Les sédiments lacustres contiennent d’autres marqueurs importants, notamment des particules de carbone sphériques produites par la combustion de combustibles fossiles dans les centrales électriques et des nitrates provenant de l’épandage massif d’engrais chimiques. « Nous constatons une augmentation spectaculaire de la concentration dans notre noyau à la même profondeur que celle où nous observons l’augmentation rapide du plutonium », a déclaré Mme McCarthy.

Les années 1950 ont vu le début de la « grande accélération », c’est-à-dire l’augmentation sans précédent de l’activité industrielle, des transports et de l’économie qui s’est produite après la Seconde Guerre mondiale et se poursuit aujourd’hui. « C’est la grande accélération que nous avons décidé d’utiliser comme point de basculement majeur dans l’histoire de la Terre. Mais c’est l’augmentation des retombées de plutonium 239 que nous avons choisie comme marqueur », a déclaré Mme McCarthy.

Le professeur Jürgen Renn, directeur de l’Institut Max Planck pour l’histoire des sciences, à Berlin (Allemagne), a déclaré : « Le concept de l’Anthropocène est devenu une réalité : « Le concept d’Anthropocène est désormais solidement ancré dans une définition stratigraphique très précise, ce qui donne un point de référence pour les discussions scientifiques.

« Il crée également un pont entre les sciences naturelles et les sciences humaines, car il s’agit des êtres humains », a déclaré M. Renn. « Nous examinons quelque chose qui façonne notre destin en tant qu’humanité, il est donc très important d’avoir un point de référence commun.

La ratification officielle du site de Crawford Lake et de l’époque de l’Anthropocène doit passer par trois autres votes des autorités géologiques, la sous-commission de la stratigraphie quaternaire, la Commission internationale de stratigraphie et, enfin, l’Union internationale des sciences géologiques.

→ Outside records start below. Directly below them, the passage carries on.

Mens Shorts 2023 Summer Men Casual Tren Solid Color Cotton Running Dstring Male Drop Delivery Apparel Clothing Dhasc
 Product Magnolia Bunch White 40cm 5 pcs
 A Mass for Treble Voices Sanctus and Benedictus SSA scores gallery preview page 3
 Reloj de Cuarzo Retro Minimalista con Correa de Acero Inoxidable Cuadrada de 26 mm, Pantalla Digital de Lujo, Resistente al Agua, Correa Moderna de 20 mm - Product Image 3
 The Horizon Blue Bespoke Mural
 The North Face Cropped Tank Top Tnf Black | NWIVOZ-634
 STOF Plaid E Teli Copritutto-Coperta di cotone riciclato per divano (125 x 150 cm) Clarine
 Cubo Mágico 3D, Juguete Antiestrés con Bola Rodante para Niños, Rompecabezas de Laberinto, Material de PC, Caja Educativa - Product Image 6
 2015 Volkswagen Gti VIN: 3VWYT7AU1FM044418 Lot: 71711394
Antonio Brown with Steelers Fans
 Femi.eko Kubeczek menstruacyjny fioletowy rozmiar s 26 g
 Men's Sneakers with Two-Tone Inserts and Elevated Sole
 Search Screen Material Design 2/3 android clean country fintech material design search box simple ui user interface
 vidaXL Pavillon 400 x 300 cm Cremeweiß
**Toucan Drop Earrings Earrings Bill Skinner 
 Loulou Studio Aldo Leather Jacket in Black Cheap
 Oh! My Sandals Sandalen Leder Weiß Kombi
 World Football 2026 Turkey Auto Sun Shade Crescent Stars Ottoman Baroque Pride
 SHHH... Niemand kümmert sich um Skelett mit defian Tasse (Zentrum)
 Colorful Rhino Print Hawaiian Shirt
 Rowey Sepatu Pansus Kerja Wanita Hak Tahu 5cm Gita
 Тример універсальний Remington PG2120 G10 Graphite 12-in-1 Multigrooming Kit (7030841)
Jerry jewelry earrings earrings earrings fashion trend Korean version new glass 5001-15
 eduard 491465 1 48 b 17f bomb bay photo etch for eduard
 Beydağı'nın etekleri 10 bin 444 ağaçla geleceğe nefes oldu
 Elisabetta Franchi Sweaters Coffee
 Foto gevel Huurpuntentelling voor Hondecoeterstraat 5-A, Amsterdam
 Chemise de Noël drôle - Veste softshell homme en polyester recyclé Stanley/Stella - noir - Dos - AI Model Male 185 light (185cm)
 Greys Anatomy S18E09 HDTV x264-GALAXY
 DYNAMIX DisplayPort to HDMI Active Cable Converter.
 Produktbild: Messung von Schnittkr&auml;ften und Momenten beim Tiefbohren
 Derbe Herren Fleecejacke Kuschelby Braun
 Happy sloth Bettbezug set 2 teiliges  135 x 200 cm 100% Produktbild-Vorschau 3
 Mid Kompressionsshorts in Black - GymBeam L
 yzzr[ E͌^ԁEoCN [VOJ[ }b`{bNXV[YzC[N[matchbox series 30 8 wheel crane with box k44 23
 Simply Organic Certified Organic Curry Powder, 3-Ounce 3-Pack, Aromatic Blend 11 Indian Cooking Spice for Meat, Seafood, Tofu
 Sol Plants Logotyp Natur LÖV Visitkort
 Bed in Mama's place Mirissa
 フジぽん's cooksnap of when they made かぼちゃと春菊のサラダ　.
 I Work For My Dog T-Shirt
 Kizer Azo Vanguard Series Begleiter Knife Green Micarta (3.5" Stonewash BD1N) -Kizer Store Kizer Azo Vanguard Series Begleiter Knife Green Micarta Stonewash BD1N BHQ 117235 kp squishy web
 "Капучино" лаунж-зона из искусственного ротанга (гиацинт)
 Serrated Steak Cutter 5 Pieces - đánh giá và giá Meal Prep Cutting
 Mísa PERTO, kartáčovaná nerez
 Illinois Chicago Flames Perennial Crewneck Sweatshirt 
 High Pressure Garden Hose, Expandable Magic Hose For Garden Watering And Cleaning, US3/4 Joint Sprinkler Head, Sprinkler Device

La décision risque d’être difficile à prendre pour les géologues, qui ont l’habitude de traiter des périodes s’étalant sur des millions d’années et d’utiliser des roches contenant des fossiles comme marqueurs. L’AWG présentera un dossier de preuves dans l’espoir de convaincre les organes de vote que l’Anthropocène représente un changement planétaire qui nécessite une nouvelle période géologique.

Le Dr Alexander Farnsworth, de l’université de Bristol, a déclaré que le plutonium est un élément radioactif qui se désintègre avec le temps, et qu’il pourrait donc ne pas persister sur des échelles de temps géologiques de plusieurs millions d’années. Il s’est également interrogé sur la nécessité d’une époque anthropocène, déclarant : « Nous ne sommes qu’une vaguelette de l’histoire de l’humanité : « Nous ne sommes qu’une vaguelette dans la rivière du flux génétique à travers le temps ».

Le professeur Colin Waters, président de l’AWG à l’université de Leicester, a déclaré : « L’Anthropocène, qui commence dans les années 1950, représente un changement très rapide que nous avons imposé à la planète. Il y a de l’espoir à cet égard. Les impacts combinés de l’humanité peuvent être modifiés rapidement pour le meilleur et pour le pire. Il n’est pas inévitable que nous nous enfoncions dans une pauvreté environnementale persistante.